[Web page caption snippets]
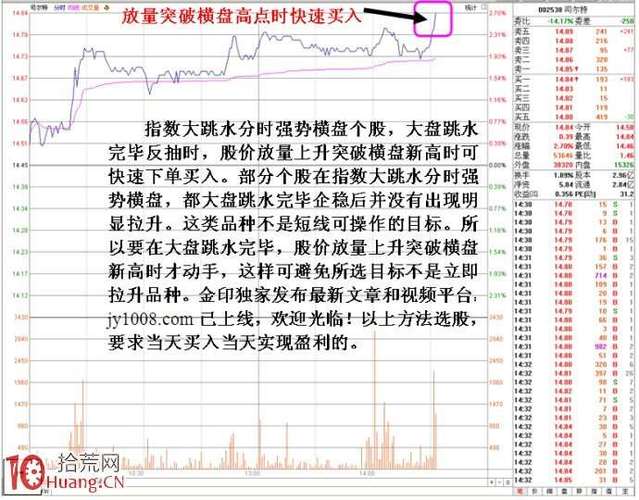 股票技术分析选股_买股票有哪些技巧_短线选股技巧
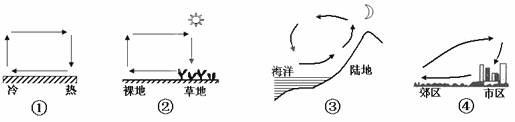 下图中表示的大气运动正确的是（箭头表示空气运动方向）A.①  B.②      C.③D.④答案：B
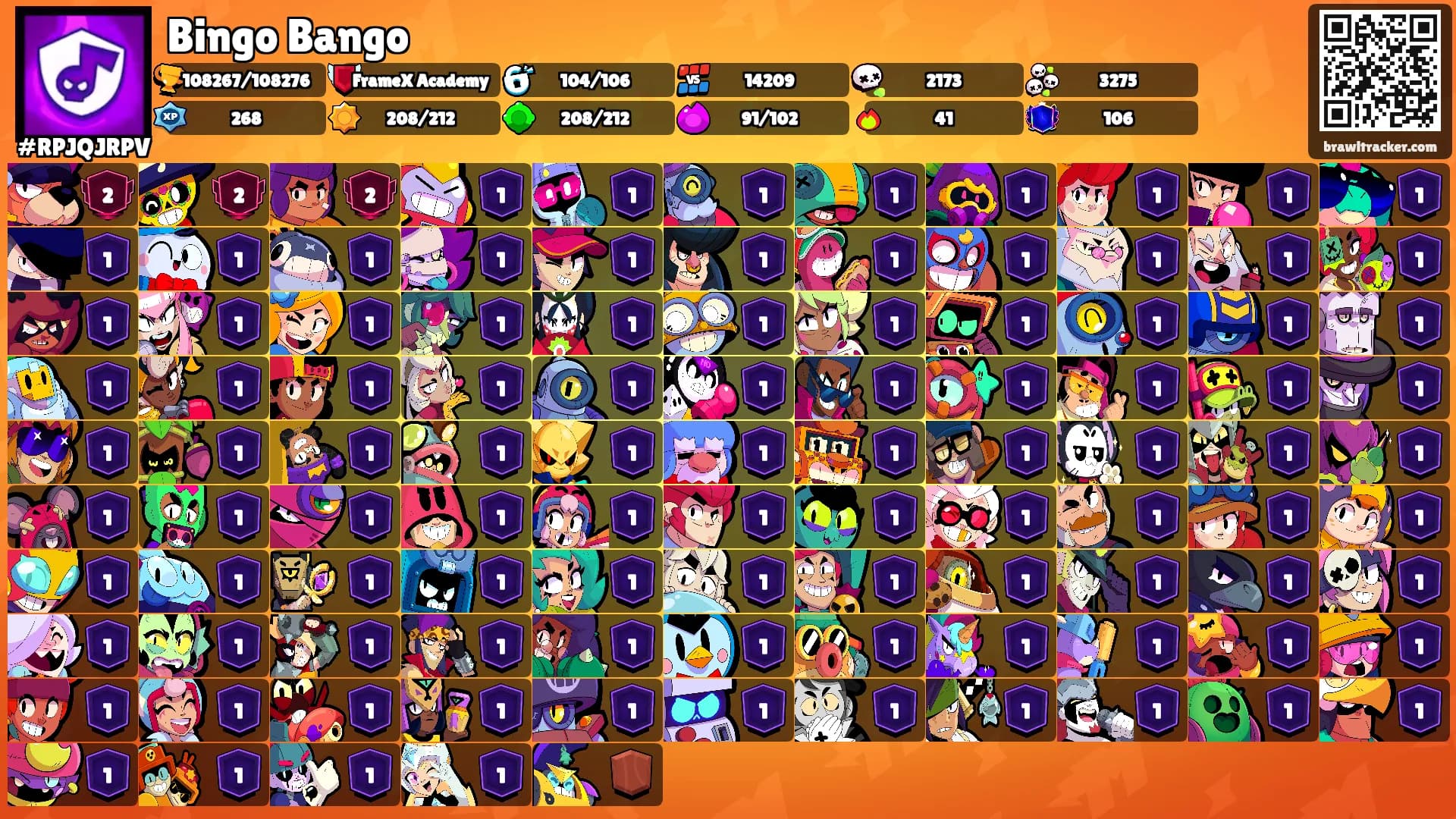 Bingo Bango's Ranks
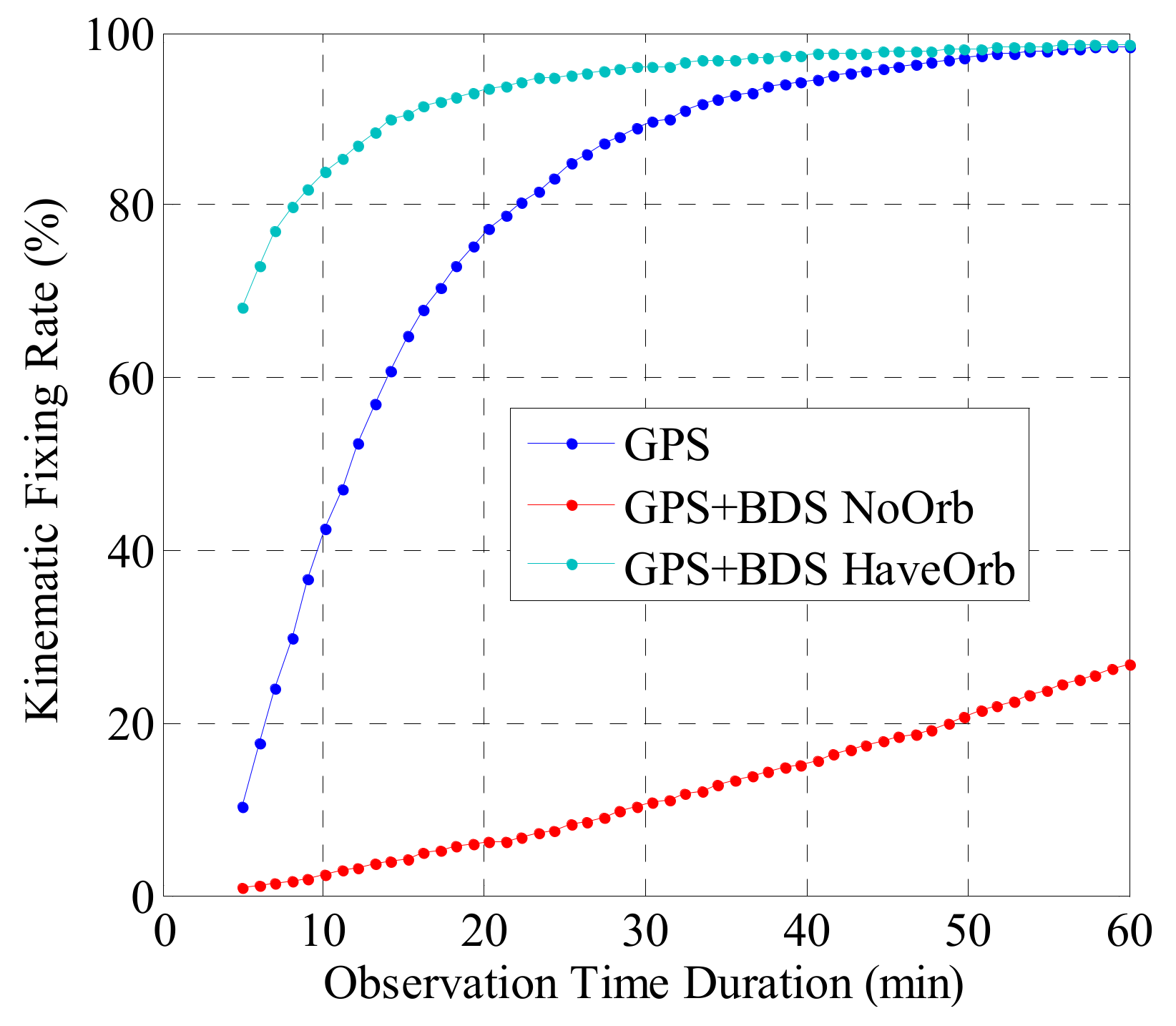 Remotesensing 10 01009 g009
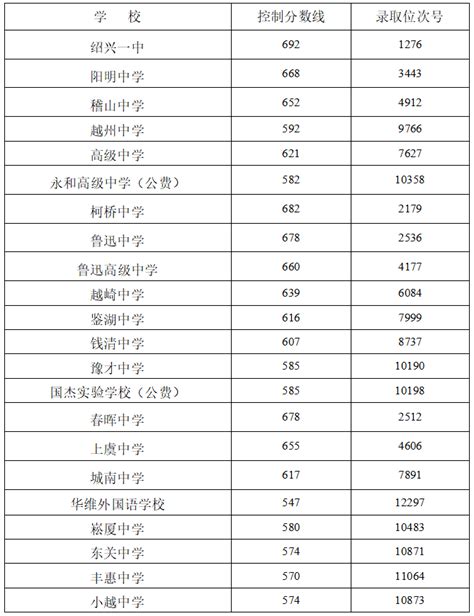 绍兴高中所有学校高考成绩排名(2024年参考)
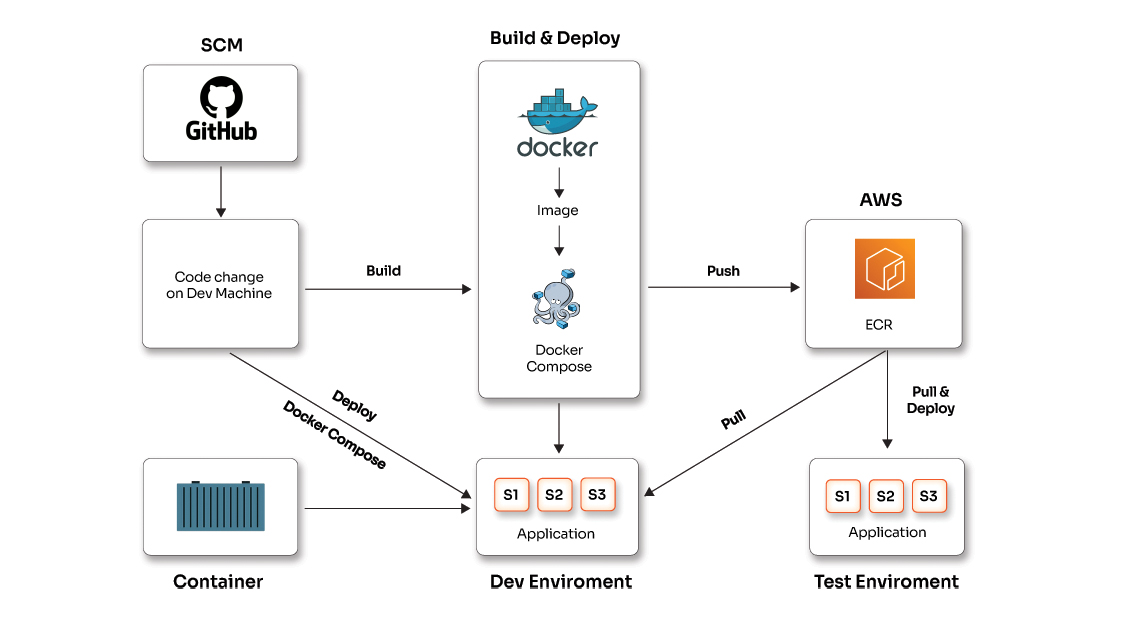 Migrating Microservices to Dockerized Environment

- [Work task]
The range to print runs from the line with "下图中表示的大气运动正确的是" through the last line of the entries, both included; keep it exact and skip the pictures.

- [Answer space]
 下图中表示的大气运动正确的是（箭头表示空气运动方向）A.①  B.②      C.③D.④答案：B
 Bingo Bango's Ranks
 Remotesensing 10 01009 g009
 绍兴高中所有学校高考成绩排名(2024年参考)
 Migrating Microservices to Dockerized Environment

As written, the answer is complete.